For the next couple of months, your Facebook and Instagram feeds will likely be dominated by beach holiday photos, beers in the sand and people's legs at the pool. School is out for summer and people are ready to vacation!

American consumers are as confident as ever and this should translate to a great summer spending season. This summer, Americans are expected to spend a total of $101.1 billion on vacations this year, representing a robust 12.5% increase from 2016, according to projections from the Vacation Confidence Index released Wednesday by insurance company Allianz Global Assistance. This is the first time in the index’s eight-year history that spending has exceeded $100 billion. 

Confidence is soaring

In June, consumer confidence surprised economists with a very strong reading of 118.9. Furthermore, consumer expectations improved to a nearly 16-year high, according to Director of Economic Indicators at The Conference Board Lynn Franco.

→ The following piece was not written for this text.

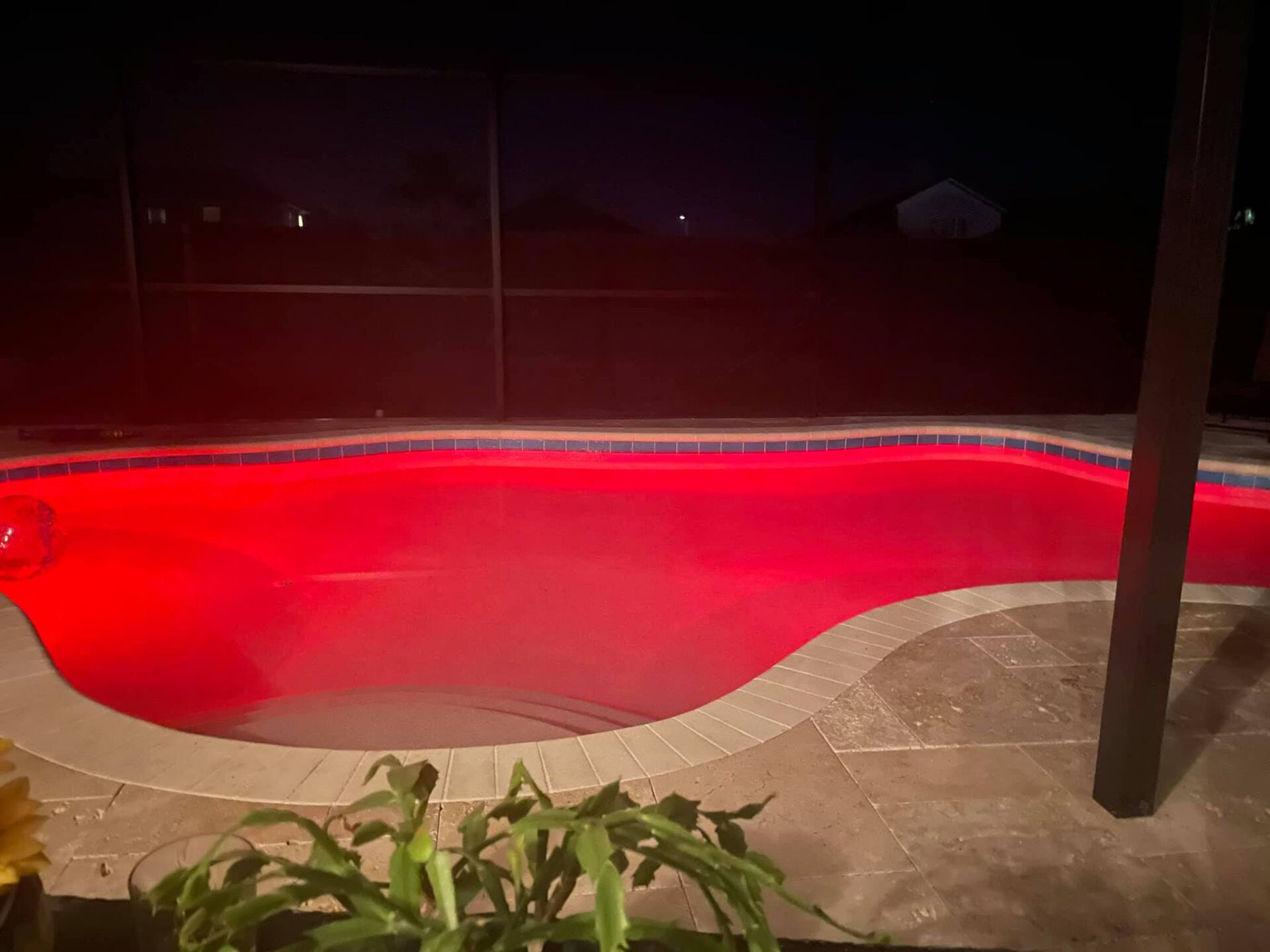 A red-lit swimming pool at night. Poolside with plants and a fence in the background.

"Expectations for the short-term have eased somewhat, but are still upbeat. Overall, consumers anticipate the economy will continue expanding in the months ahead, but they do not foresee the pace of growth accelerating," said Franco.

Summer spending boom

“Americans are feeling better about the economy and have loosened their purse strings for summer 2017,” said Daniel Durazo, director of communications at Allianz Global Assistance USA.

This confidence could also be a reflection of lower gas prices, according to AAA. The cost to fill up the tank for the Fourth of July holiday weekend was set to be the lowest level recorded in 12 years — and AAA predicts that more Americans traveled for the holiday than ever before. I can attest to the fact that the roads were unusually quiet on the way to work last week and on the radio, the typically busy Hudson River crossings barely had delays at rush hour.

Overall, 44% of Americans said they are confident that they will be able to take a trip this summer, while more than half said they are confident about the possibility of vacationing at some point in 2017 (but not necessarily the summer), the Allianz survey found. However, more than one-fifth of Americans said they aren’t sure they will be able to vacation this year, roughly in line with previous years. The report is based on a nationally representative poll of more than 1,000 adults in the U.S.